#### Problem requirements:
No pictures, nothing altered: return the data below.

#### Dataset section:
^^^^^^^^
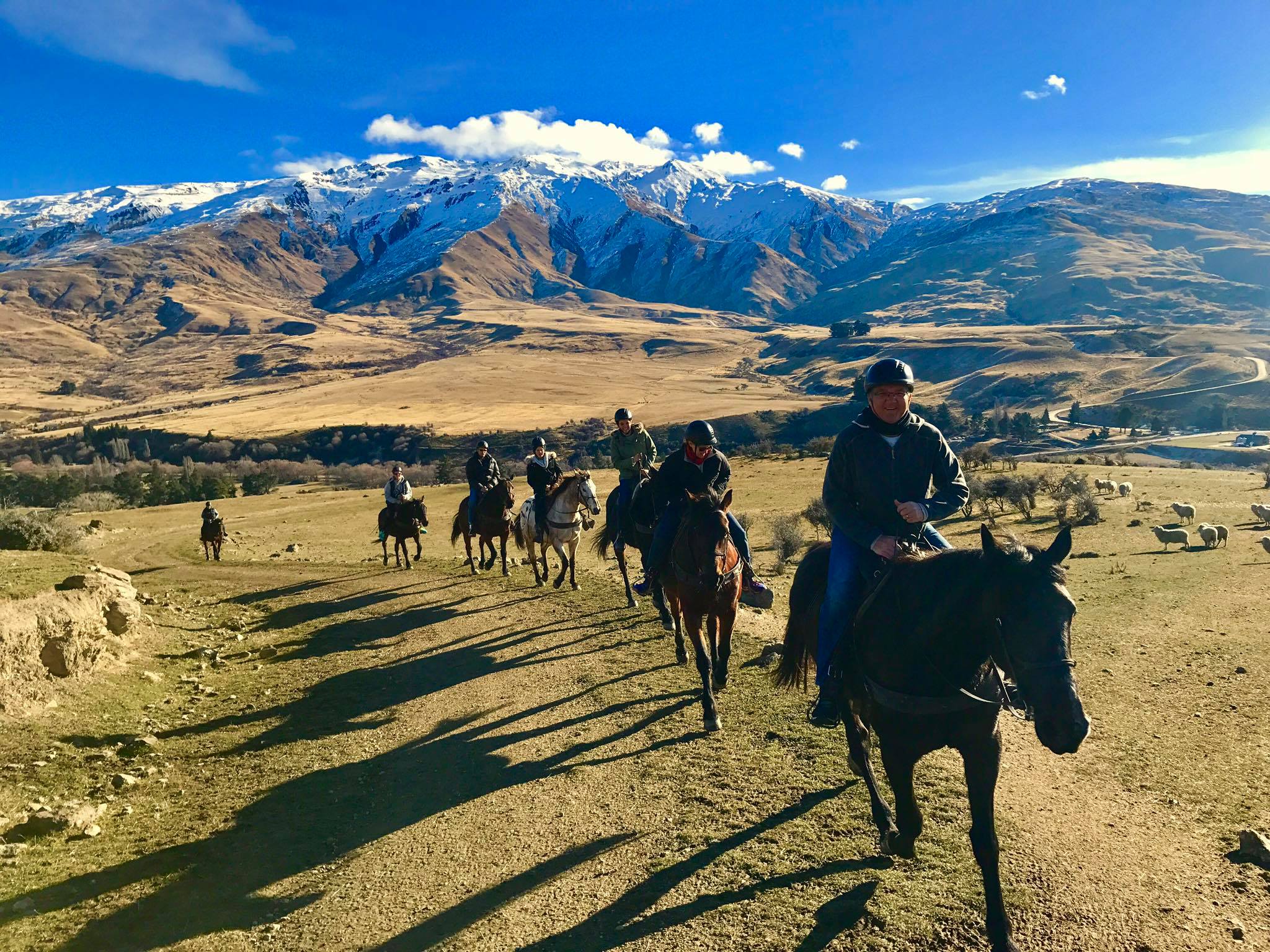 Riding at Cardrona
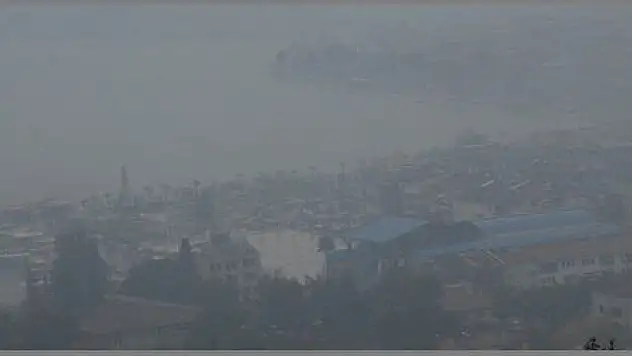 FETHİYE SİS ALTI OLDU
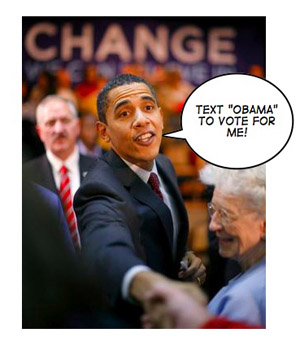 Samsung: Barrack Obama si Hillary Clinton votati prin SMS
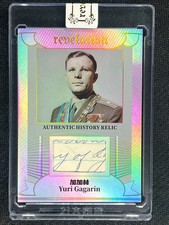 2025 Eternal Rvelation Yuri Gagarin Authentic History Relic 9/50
^^^^^^^^
#### Finished exercise:
 Riding at Cardrona
 FETHİYE SİS ALTI OLDU
 Samsung: Barrack Obama si Hillary Clinton votati prin SMS
 2025 Eternal Rvelation Yuri Gagarin Authentic History Relic 9/50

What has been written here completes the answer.